La confession publique de M. Labonté a cependant eu l'effet d'un catalyseur. Il ne s'agissait plus simplement d'entrepreneurs sans scrupules qui s'étaient acoquinés avec quelques politiciens et fonctionnaires véreux, mais d'un problème beaucoup plus profond. À l'entendre, tout le système était pourri jusqu'à la moelle.
Depuis un bon-demi siècle, jamais une campagne municipale n'avait atteint une telle intensité dramatique. Même Louise Harel, dont personne n'avait douté de l'intégrité en vingt-cinq ans de vie politique, a été éclaboussée de façon irrémédiable.
Comment croire qu'elle ignorait tout des squelettes enfermés dans le placard de son principal lieutenant, qu'elle destinait à la présidence du comité exécutif?
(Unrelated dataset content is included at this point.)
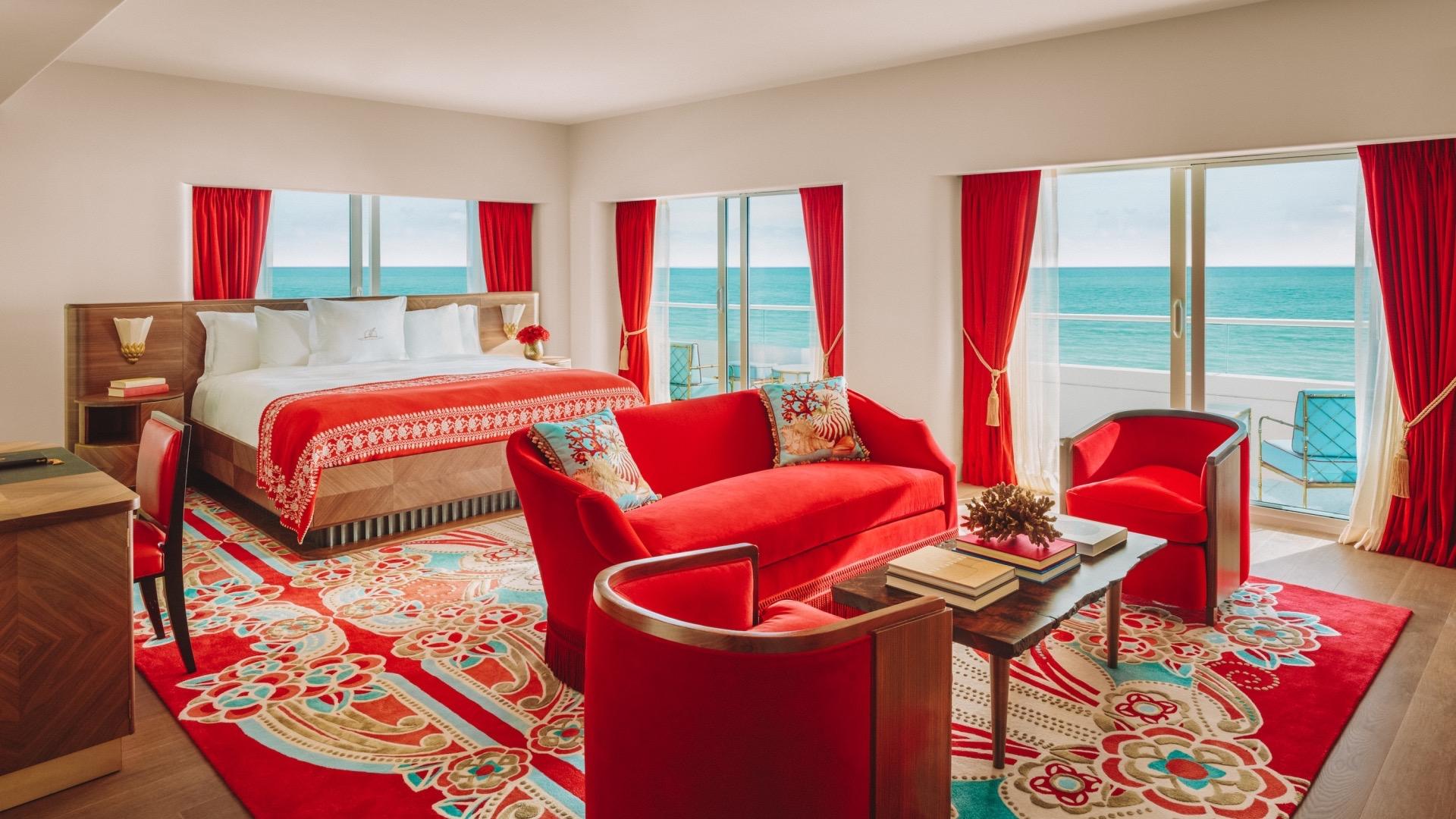 A bedroom with red velvet curtains, a red and white throw on a wooden bed, a red sofa and armchairs on a patterned rug, and the sea visible through the balcony doors.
Le taux de participation anémique à l'élection du 2 novembre a traduit un immense désabusement envers la politique.
À peine quelques jours après que M. Harper a été désigné personnalité de l'année au pays, il était certainement choquant de le voir proroger la session parlementaire à Ottawa, simplement pour éviter d'avoir à rendre des comptes sur le sort des prisonniers afghans.
Il n'est pas tellement plus réjouissant de penser que la personnalité la plus marquante de l'année au Québec est l'homme par lequel le scandale est arrivé, mais il est encore plus désolant de voir les efforts déployés par le gouvernement Charest pour tenter de noyer le poisson.